Les œuvres caritatives sont, plus encore que les communes, un groupe cible à risque pour les gestionnaires d’actifs en raison de leur forte responsabilité sociale. Les journalistes qui ont rédigé l’article du journal FD ont d’ailleurs bien insisté sur ce point en titillant, à tort, la commune alléguée, car les « portefeuilles considérés comme défensifs n’offraient aucune protection ». C’est pour cette raison que les gestionnaires de risques et professionnels de la conformité se méfient du risque de réputation avec les œuvres caritatives. Il y a en effet de fortes chances que les administrateurs de ces œuvres, en cas de pertes, s’adressent aux médias, entraînant un risque actif de réputation pour le gestionnaire d’actifs, et c’est pourquoi les règles, déjà rigoureuses en temps normal, font souvent l’objet d’une interprétation plus stricte encore pour les œuvres caritatives, ne serait-ce que pour garantir une marge de sécurité supplémentaire. Si (presque) tout le monde, dans le secteur financier, s’accorde à dire que les obligations d’État sont la catégorie d’investissement sûre par excellence, alors, selon la gestion des risques et la conformité, on ne pourra jamais avoir assez de ces obligations d’État dans son portefeuille. Malheureusement, c’est ce phénomène qui a aggravé les pertes de 2022.

Pas dénuées de risques 

Les œuvres caritatives ont trop investi dans les obligations : elles voulaient des placements défensifs, et les obligations, notamment, étaient perçues comme sans risque, alors qu’elles ne l’étaient pas du tout avant 2022. Les erreurs qui ont été commises à cet égard dénotent une incompréhension du risque et auraient pu être évitées si l’on avait retenu les leçons de la grande crise financière. Tout le monde aurait pu comprendre que des obligations à rendement négatif n’apporteraient que du risque et plus le moindre rendement ; cette conclusion a pourtant été écartée à cause de la pensée de groupe.

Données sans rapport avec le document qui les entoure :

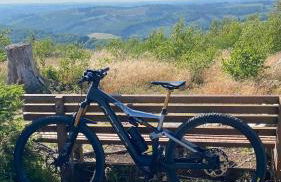 Ferienwohnung Haiger-Burbach für 5 Personen - Foto 25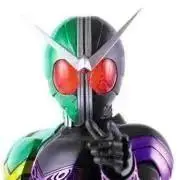 W-B-Xの画像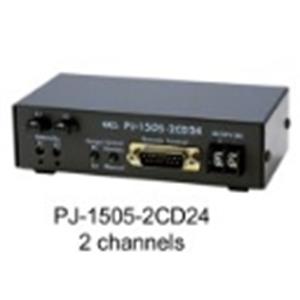 日本CCS西西斯  电源控制器    PJ-1505-3CD24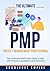 The Ultimate Project Management Professional (PMP) Exam Prep Guide With Practice Questions and Answers for Success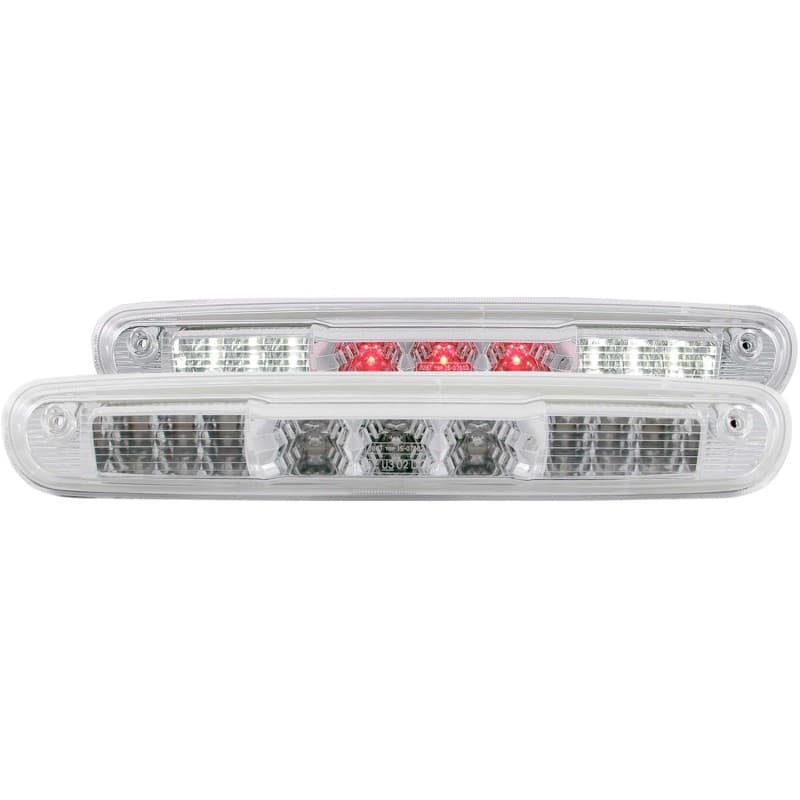 ANZO ANZ LED 3rd Brake Light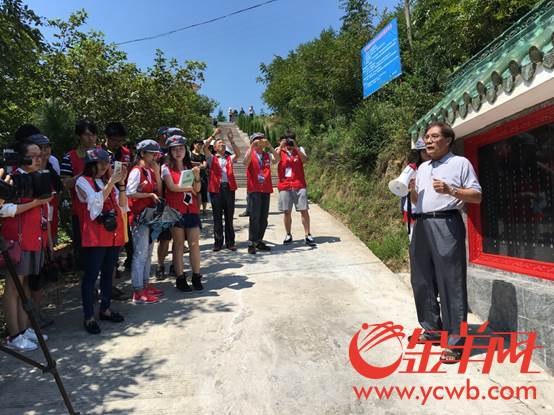 ���W(w��ng)�j(lu��)ý�w���D(zhu��n)�ġ���ĪԹ����F���_���� �L���������I(l��ng)���۴��Óؚ����(ji��n)��(zh��n)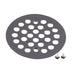Moen 101664 Tub/shower drain covers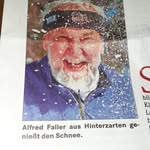 Alfred Faller - @faller.alfred - Instagram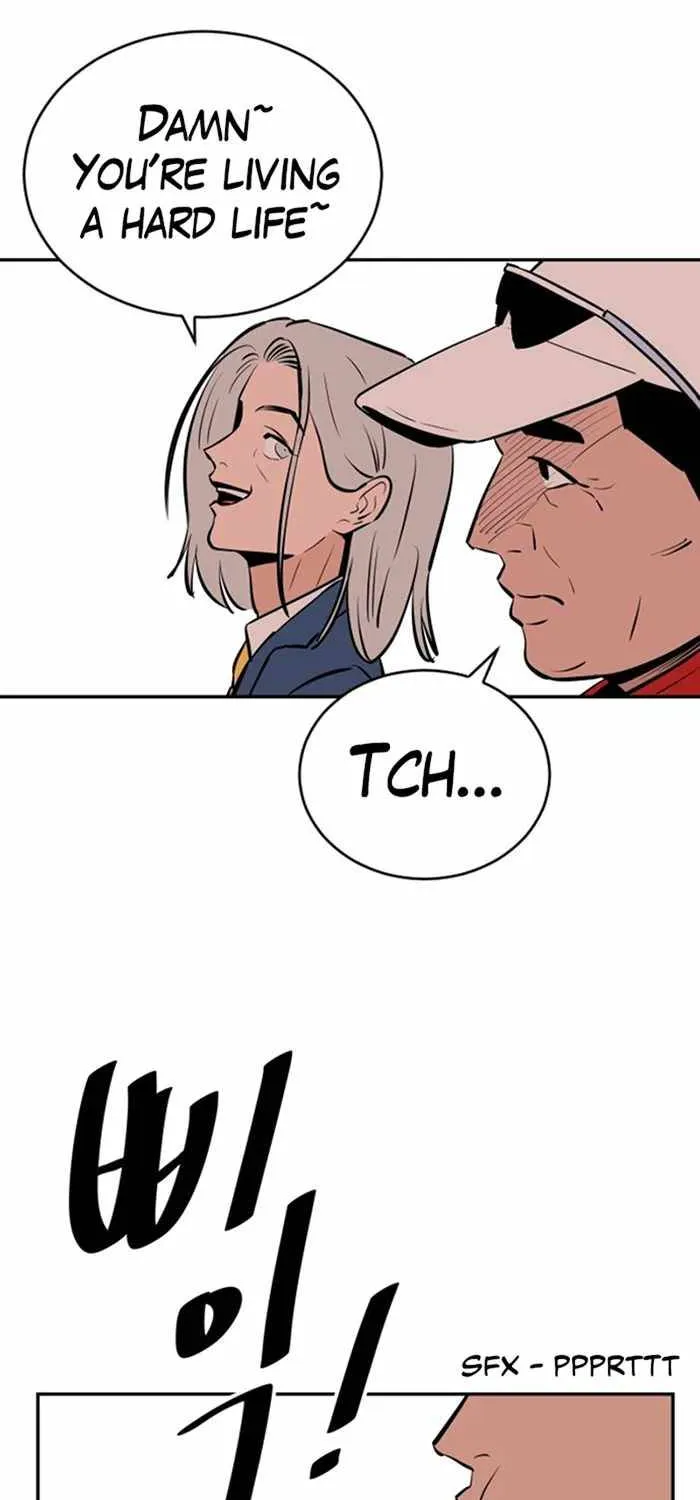 Chapter 27 — page 67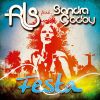 Download track Festa (DJ Ralph Electro Addict Remix)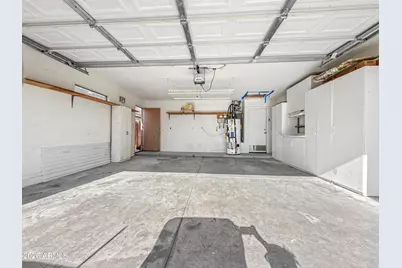 23393 S 222nd Street, Queen Creek, AZ 85142 - Photo 39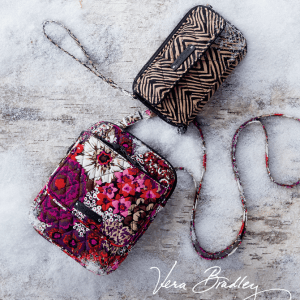 Screenshot 2015-10-20 18.43.03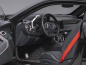 Preview: AutoArt 71207 CHEVROLET Camaro ZL1 2017 schwarz 1:18 Modellauto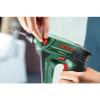 new Bosch UNEO Maxx Expert Cordless 2.0ah LithiumDrill 0603952372 3165140740180#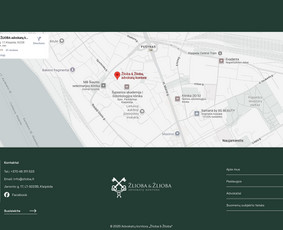 Ux/ui dizainas, svetainių ir el. parduotuvių kūrimas - Svetainių dizainas (web design) - 3 Svetainių dizainas (web design) - Ux/ui dizainas, svetainių ir el. parduotuvių kūrimas - 3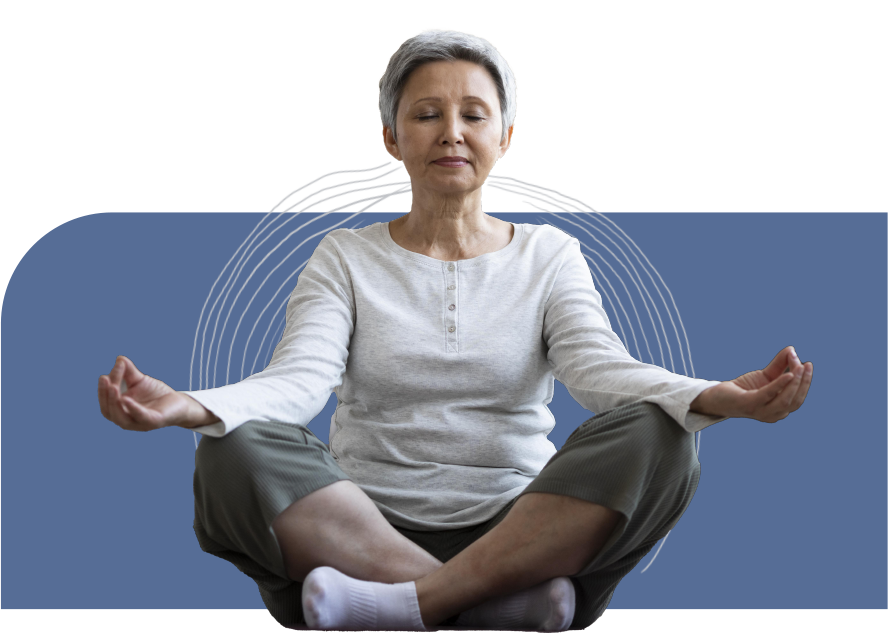 meditacion 2
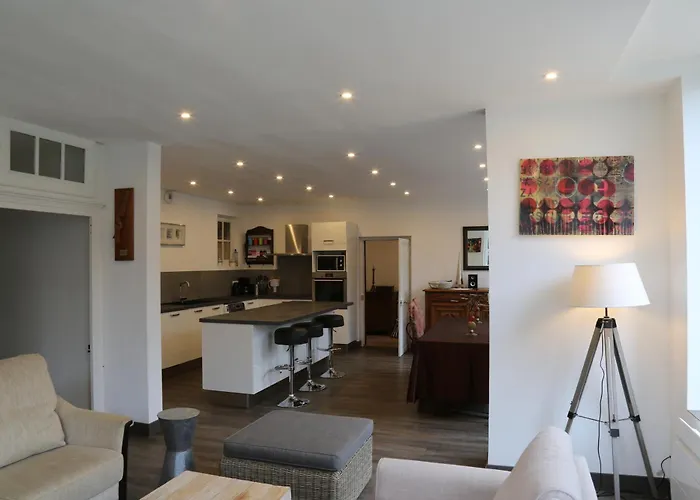 Villasurseine Mery-sur-Seine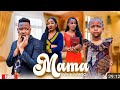 MAMA WA KAMBO FULL VIDEO Episode 57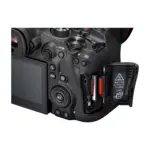 Canon EOS R6 Mark III Mirrorless Camera - Image 11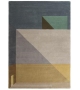 Agosto Ligne Roset Tapis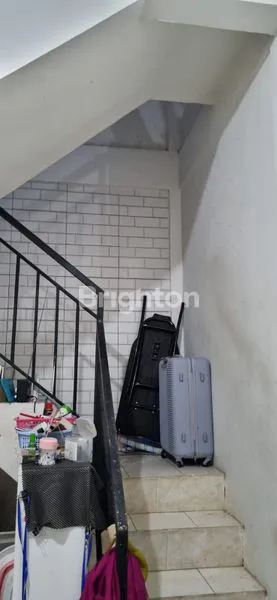 image DI JUAL RUMAH MUNGIL DI NUSADUA BALI (2)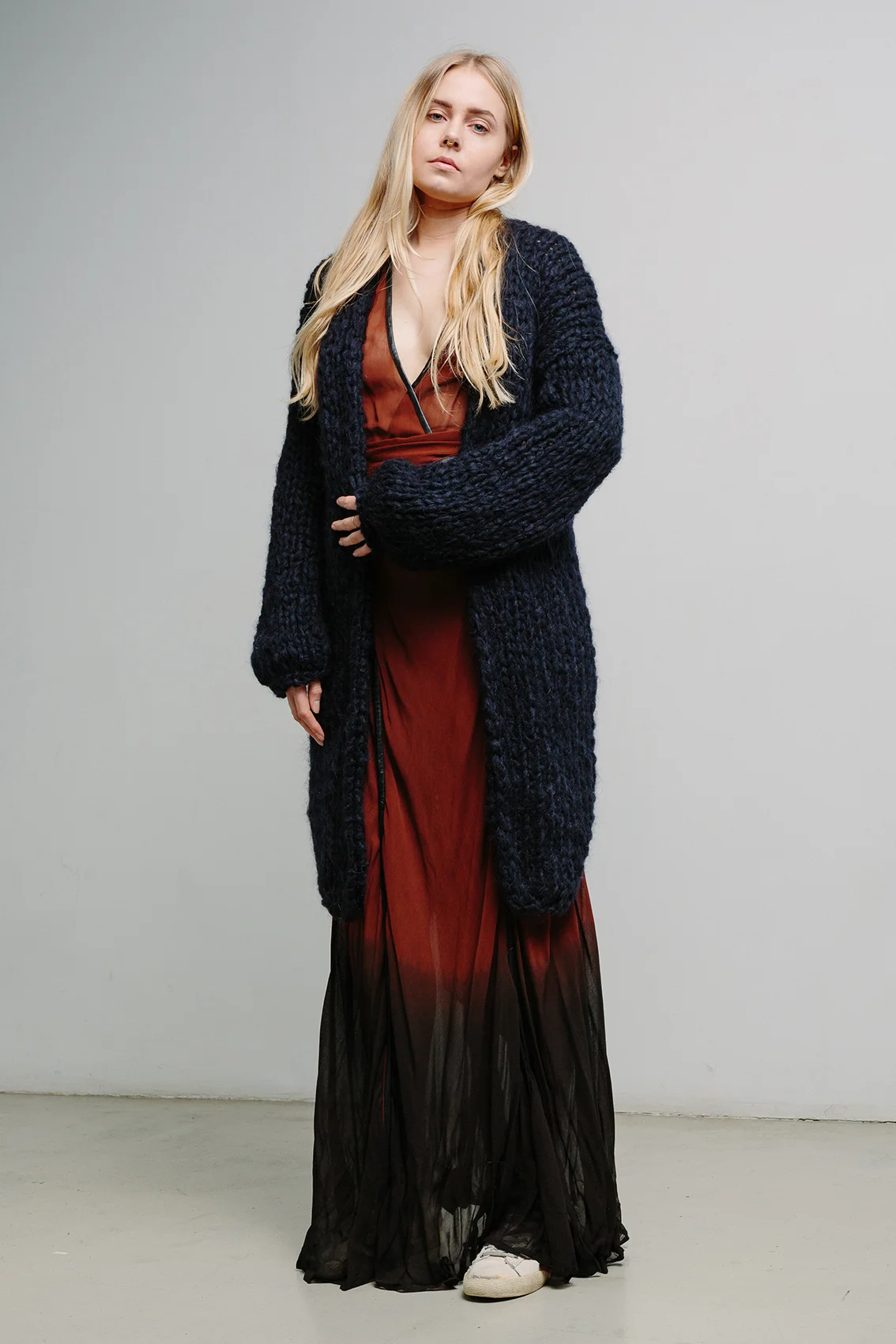 FE_FW18_LR_Coat_Negro_4.jpg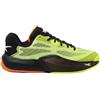 Reebok Unisex Engine A 26 SE Sneaker, 44 EU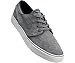 Nike ZOOM STEFAN JANOSKI SE mens skateboarding-shoes 473284-004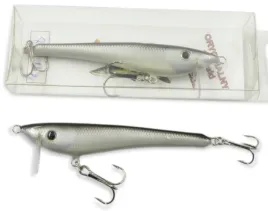 g02-wobler-na-bolenia-8cm-14g-i-gebskiego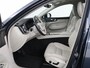 Volvo XC60 2.0 Recharge T6 AWD Business Pro | SOH 89,4% | Carplay | Panoramadak | Camera | LED | Leer | Stoel en stuurverwarming | Cruise control | Navigatie | LM | Automaat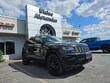 Jeep Grand Cherokee WK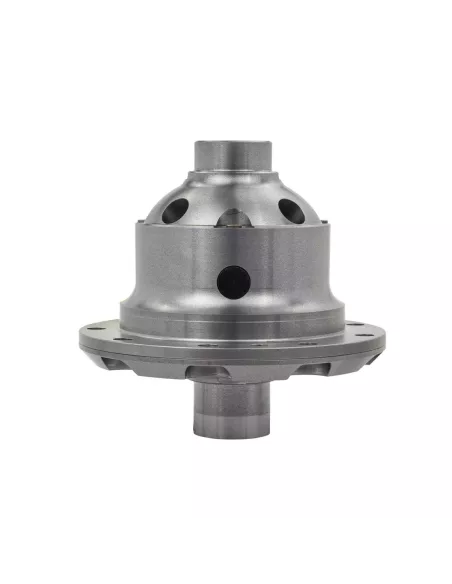 Blocage différentiel avant Y60 Y61 ARB - accessoire 4x4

Les obligations ont été intégrées aux portefeuilles en raison de leur risque baissier limité et non de leur rendement. Seulement voilà, ce risque était bien supérieur à ce qui avait été estimé. Malheureusement, du fait de ce risque baissier limité, les positions en obligations étaient plus importantes que nécessaire, en conséquence directe des mesures additionnelles de limitation du risque prises par la gestion des risques et la conformité.